Research is evolving from considering patients as subjects to be studied to partners who are actively engaged in many aspects of the research. That engagement can be increased when people are in a position to choose to participate actively in research and donate their data. The NIH Precision Medicine Initiative is setting the pace for this new era of relationships between scientists and study participants. The challenge is that people have not been in a position to donate their data because they have had limited access to the data. Moreover, when data have been available, they have been in formats that often require manual entry.

A new initiative led by Harlan Krumholz, MD, SM, the Harold H. Hines, Jr. Professor of Medicine and director of the Yale Center for Outcomes Research and Evaluation (CORE), is developing HUGO PHR, a personal health platform that will empower people with their own data and put them in a position to leverage the data for their clinical care as well as participate actively with researchers. Developed in partnership with Yale New Haven Health System, HUGO is a cloud-based highly secure personal health platform that can be autopopulated and updated with data and images from the EHR, as well as receive data from wearable devices and other sources. When available to Yale patients in 2016, HUGO will be free of charge, and easily accessible via the Internet and on mobile devices. It conforms to new standards and can be easily applied regardless of the electronic health record vendor.
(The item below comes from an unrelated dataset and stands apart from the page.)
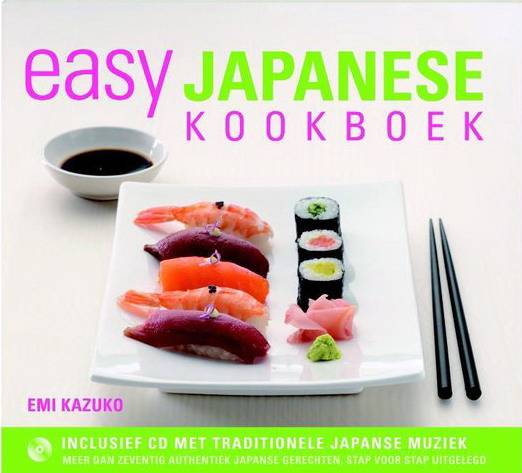KAZUKO, EMI. Easy Japanese Kookboek. Heerlijke en eenvoudige Japanse recepten stap voor stap uitgelegd.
HUGO offers an efficient way to:

•Match individuals to clinical studies.

•Move data to researchers with participants’ authorization.

•Ensure that patients are vital components of the research process.

•Enable researchers to communicate easily with participants and share study data and results.

•Provide a conduit for patient-generated data from patient-reported outcome measures and wearable devices.

YCCI is helping Krumholz and his team assess the suitability of integrating HUGO in clinical research studies as well as evaluate the system with feedback from the IRB, the Yale New Haven Health System, the informatics team, community organizations, and patient representatives. If successful, HUGO has the potential to be adopted readily by other CTSA sites and academic medical centers.

HUGO could mark the end of an era in which patients are simply research subjects who never learn about study results or how their data were used, said Krumholz. “They will be the ones who make the decision to partner with us; to share their data; and to help us work together to generate the knowledge that will help them and the people that will follow them.”